Tutti aspettiamo il giorno 11 settembre, deputato in questo 2017, per la riapertura di quasi tutti gli istituti scolastici della Capitale. E’ il giorno ‘x’, quello dove il nervosismo dei romani, già sufficientemente compromesso da tanti fattori, toccherà il culmine.

I motivi sono tanti, troppi. Le infrastrutture che fanno acqua da tutte le parti, i servizi pubblici che non funzionano e che ancora oggi non rappresentano una valida alternativa all’autovettura privata, lo sconforto di una mala gestio politico amministrativa che non mette mai al centro il cittadino e le sue esigenze. Poi, però, ci sono anche i romani e tutti quelli che romani non sono, ma che, pur abitandoci o semplicemente perché di passaggio, non rispettano affatto Roma, trovando terreno fertile per alibi, comodi e lontani da loro, ma necessari per nascondere le responsabilità del singolo e una maleducazione dilagante.

Del resto non si spiegherebbero tanti fenomeni di vandalismo, di vera e propria deturpazione di spazi pubblici e di tanto malaffare, come non si spiegherebbe nemmeno perché in una città come Torino, o come Milano, tutto, sebbene in dimensione minore, riesca a funzionare e a migliorare, laddove serve.

Non può essere solo colpa della politica, questo ce lo dobbiamo dire francamente. Roma ha votato all’unisono il Movimento Cinque Stelle, ma non riusciamo più a capire, se per la sindaca Raggi prevalga più l’essere ‘romana’ o piuttosto una ‘cinquestelle grillina’, come ci si aspettava che agisse. Stesso dicasi per i sette anni di Veltroni e per i cinque anni di Alemanno poi.

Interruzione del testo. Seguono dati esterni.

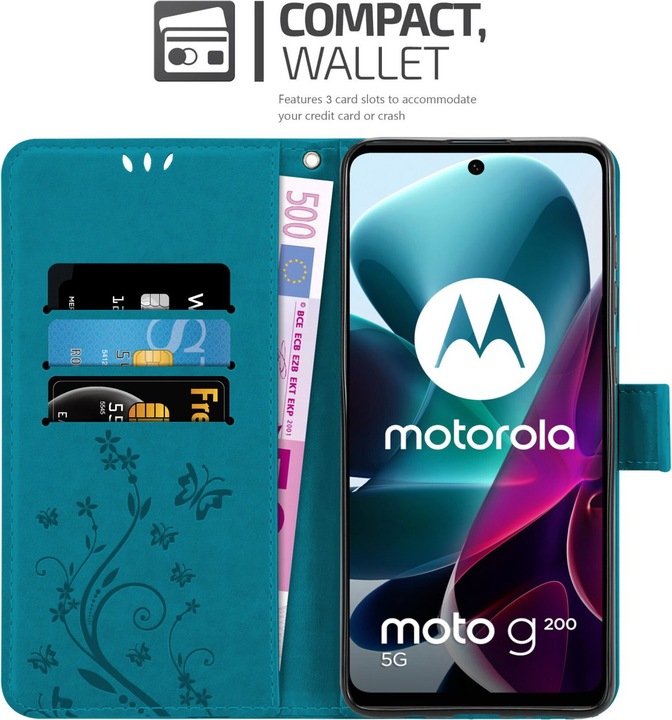 Actual product image Cadorabo Case Flower Book (Motorola Moto G200 5G)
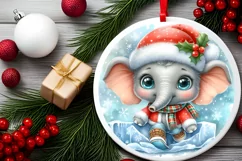 Round Christmas Ornament Sublimation|Clipart Product Image 2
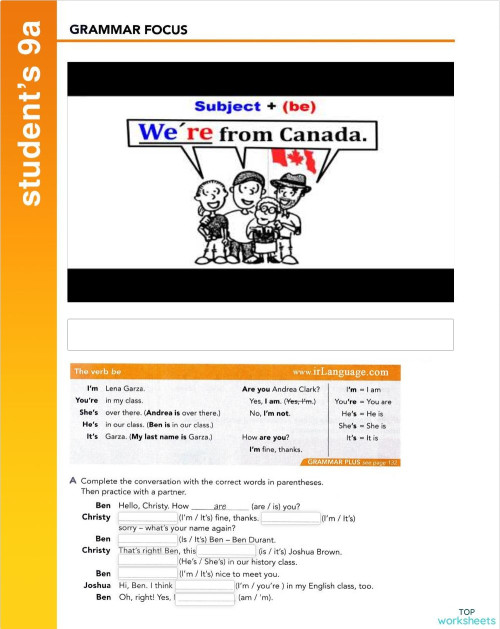 IC001 Student's 09 + Grammar Plus 02. Interactive worksheet | TopWorksheets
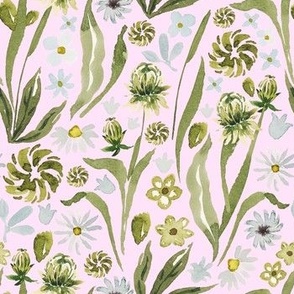 Hand-Drawn Watercolor Peaceful Meadow, Gentle White, Grey and Green Florals on Light Pink, L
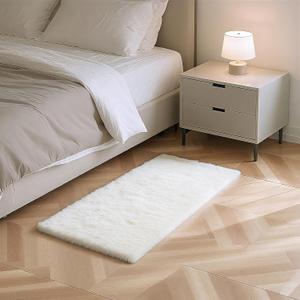 Fluffy Rug Shag Area Rug, White 2x4 Area Rugs for Bedroom, Small Bedside Rug, Soft Fluffy Shag Entryway Throw Rugs for Living Room Bedroom Kids Room Home Decor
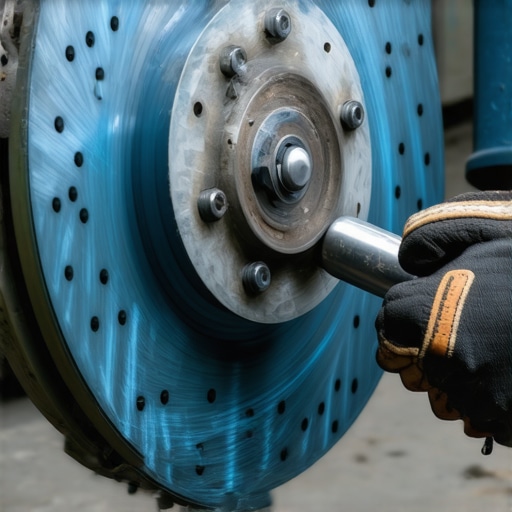 Close-up of a brake rotor undergoing a proper bedding-in process to prevent pulsation.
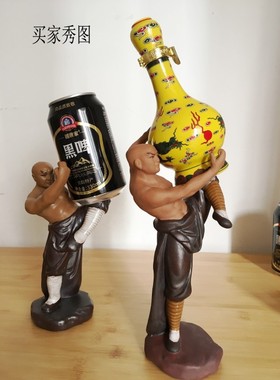 中华武术功夫陶瓷人物摆件假山园林盆景公仔花盆落地观赏装饰摆饰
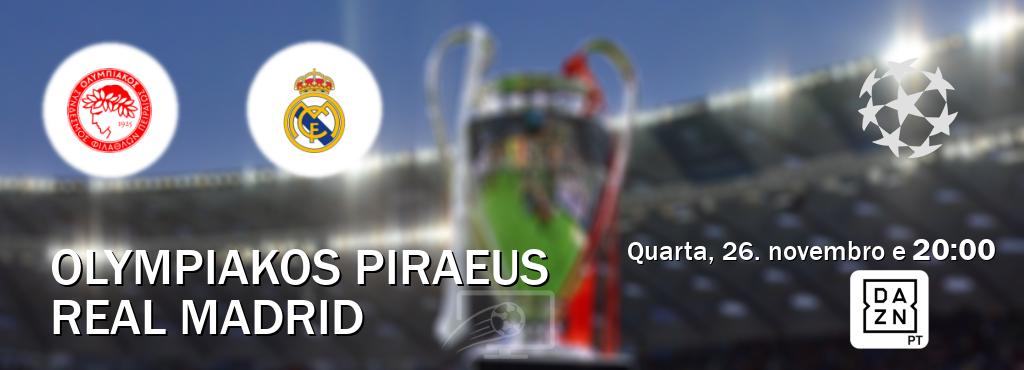 Jogo entre Olympiakos Piraeus e Real Madrid tem emissão DAZN (quarta, 26. novembro e  20:00).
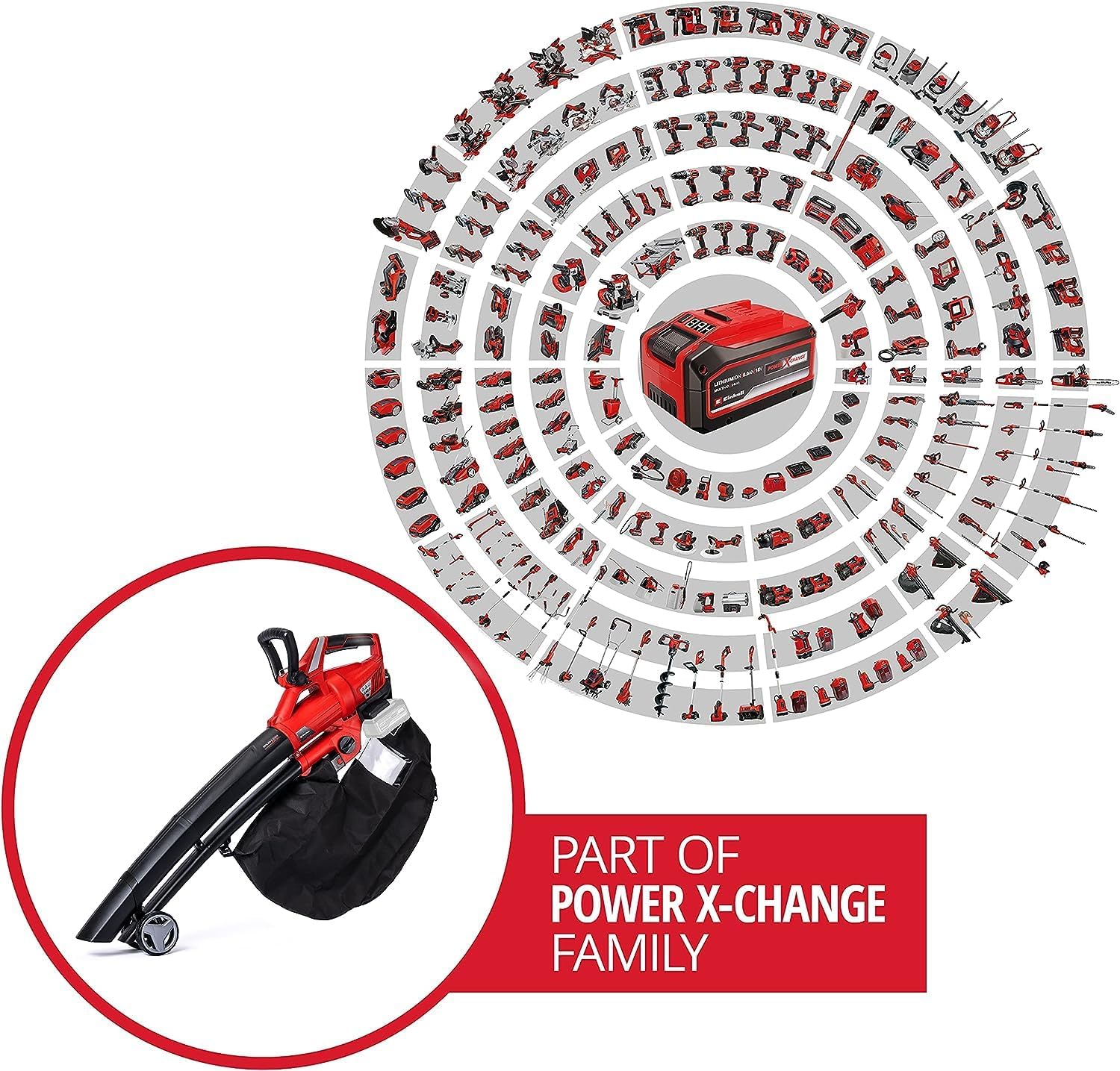 Aspiratore soffiatore per foglie a batteria Einhell GE-CL 36 Li E-Solo Power X-Change (Ioni di litio, 2 x 18 V, velocità aria 210 km/h, motore senza spazzole, sacco raccolta da 45 l, tracolla, senza batteria e caricabatteria)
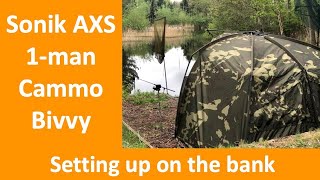 #SONIK #AXS 1-man #camouflage #Bivvy - Setting it up on the Bank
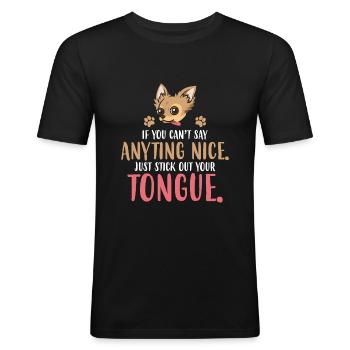 Chihuahua - T-shirt près du corps Homme - noir - Devant - Nik (191cm)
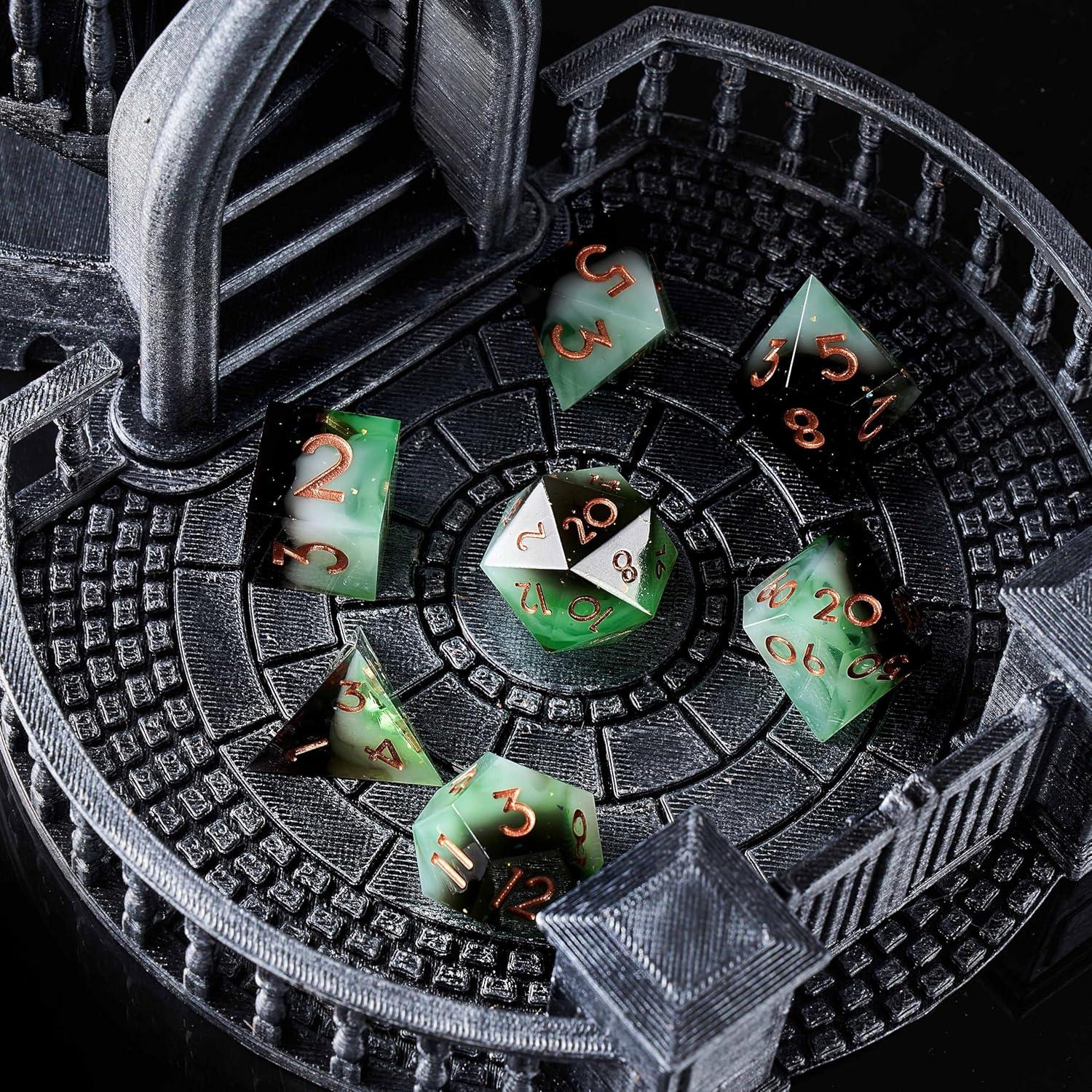 Juego de Dados DND Role Dice 7 Piezas Verde Gradual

E’ vero che i romani ormai sono ben pochi perché si tratta di una città crocevia di persone e di interessi diversi, ma è una domanda che è necessario porsi.

Allo stesso modo, le aziende dei servizi pubblici della Capitale non sono soggetti giuridici che fanno capo ad entità astratte: in queste aziende lavorano persone e la somma di tanta forza dovrebbe generare quell’energia e quelle capacità che dovrebbero mandare avanti una città 4.0. E invece, la città dello Stato, la Capitale d’Italia, quella che dovrebbe trainare tutto il Paese mette in vetrina il peggio. E non solo sui giornali, ma nella vita di tutti i giorni: il grande raccordo anulare costantemente intasato, le strade che sono diventate foreste incolte e cassonetti a cielo aperto. Poi ci sono multe che fioccano per centinaia di milioni di euro e che il Comune non sa reinvestire in nulla di concreto.

Ormai si vive alla giornata, manca una programmazione anche minima, gli investimenti privati fuggono, le grandi aziende chiudono le loro sedi e i soldi pubblici servono solo per pagare gli stipendi e forse non riusciranno più neanche a fare questo.  Chi sarà in grado di dare un futuro alla Capitale? E’ semplicemente il caos.